A new film about a successful young woman who wants to upend tradition by becoming a single mother via sperm donation has taken the Egyptian cinema scene by storm.
Bashtery Ragel (Buying a Man) tells the story of Shams, a successful single Egyptian businesswoman who doesn’t want to get married if she can’t find true love. However, Shams has reached a point in her life where she wants a baby and feels she is running out of time. She decides to try to find a sperm donor on Facebook.
The movie tackles several issues that are thorny for Egyptians – sex, for one, artificial insemination and female empowerment. And, not unexpectedly, it has generated a flurry of controversy and media coverage – all of which has translated into profit. The film was the second-biggest winner at the box office in its second week.
The picture’s success was boosted by a canny pre-release marketing campaign in which the producers set up a Facebook page purportedly owned by a woman who was, yes, looking for a sperm donor. The page got thousands of likes and spurred heated debates between commentators. And it generated its own media coverage.
“Needless to say, this is a major religious and social taboo in every Arab and Middle Eastern country,” online publication Scoop Empire wrote excitedly the day after the page went up. “The page was shut down last night, yet the persistent wannabe-mother started a new page, pleading men to take her seriously instead of shaming her, and the donation will be met with a big financial reward.”

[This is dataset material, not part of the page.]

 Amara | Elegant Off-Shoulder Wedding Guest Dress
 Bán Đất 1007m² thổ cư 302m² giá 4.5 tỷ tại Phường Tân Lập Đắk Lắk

The page went viral before the film’s star, Egyptian actress Nelly Karim, announced on live television that the entire episode was, in fact, a PR stunt to promote her latest movie.
No man's land
Screenwriter Inas Lofty said she got the idea for the screenplay when a single friend of hers who had had several failed relationships told her she was no longer interested in finding a man, but wanted to have a baby so she wouldn’t be alone. Realising the subject matter would be difficult for an Egyptian audience, she decided to make the film a rom-com to make it more digestible.

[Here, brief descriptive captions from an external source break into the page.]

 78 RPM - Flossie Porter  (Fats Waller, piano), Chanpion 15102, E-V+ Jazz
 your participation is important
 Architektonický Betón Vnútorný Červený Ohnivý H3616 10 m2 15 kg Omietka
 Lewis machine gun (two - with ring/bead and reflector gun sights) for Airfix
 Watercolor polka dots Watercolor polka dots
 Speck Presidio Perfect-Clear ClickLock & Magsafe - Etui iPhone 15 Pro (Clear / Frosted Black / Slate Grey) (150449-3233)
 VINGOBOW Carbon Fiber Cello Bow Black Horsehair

"It would have been hard for the audience to accept the story if it was done as a drama," she told the BBC.
Sperm donation is a delicate topic in Egypt. While there are dozens of fertility clinics in the country, there is also a fair level of embarrassment and shame attached to the subject. And third-party sperm donation is prohibited in Islam. To get around that hitch, Shams proposes a paper marriage, so that the sperm donation would meet religious standards, and to divorce after the baby is born.

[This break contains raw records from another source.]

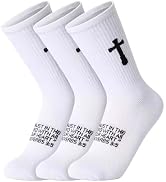 Ao Yee ZGL 3 Pairs Christian socks Prayer socks Birthday Gifts for Dad,Men Husband Grandp Fathers...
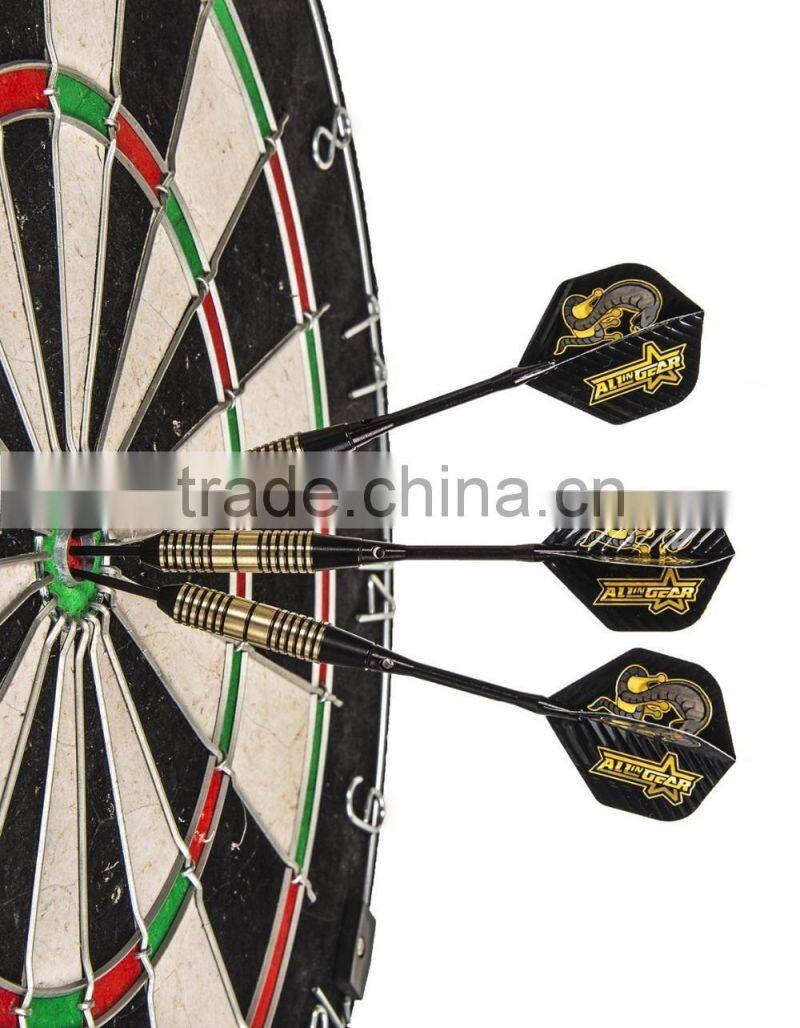 Darts 24 Grams, Brass Barrels And Features Steel Tips, 6 Aluminum Shafts, 3 PET Flights.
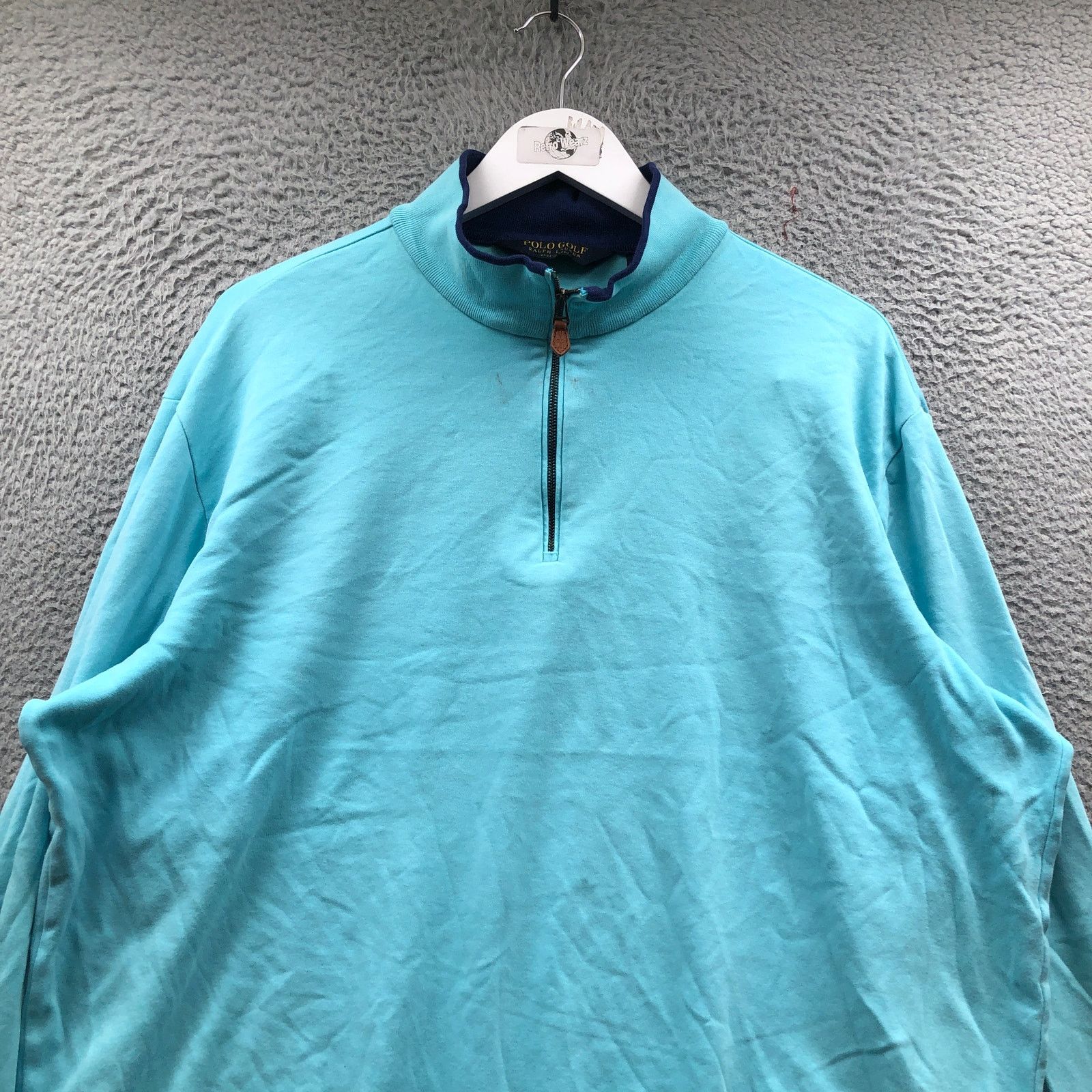 Polo Ralph Lauren Polo Golf Ralph Lauren 1/4 Zip Sweater Pullover Mens XL Blue Size US XL / EU 56 / 4 - 7 Thumbnail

While broaching the topic of sperm donation is a bold endeavour, the movie ultimately falls prey to some of the very stereotypes it seeks to challenge. Shams is a successful and accomplished businesswoman, but she is portrayed as aggressive and harsh, spotlighting the pervasive societal attitude that female self-sufficiency and success are somehow unfeminine.
When the main character’s mother finds out the marriage is in name only, she visits the couple and hides all her daughter’s clothes “to force her into wearing something skimpy in front of her so-called husband, as if men are beasts who can’t control themselves when they see a little skin,” reviewer Emad El-Din Aysha wrote in Cairo Scene.
In perhaps the only ending that could make the film a success with Egyptian audiences, the couple ends up falling in love and having kids the old fashioned way.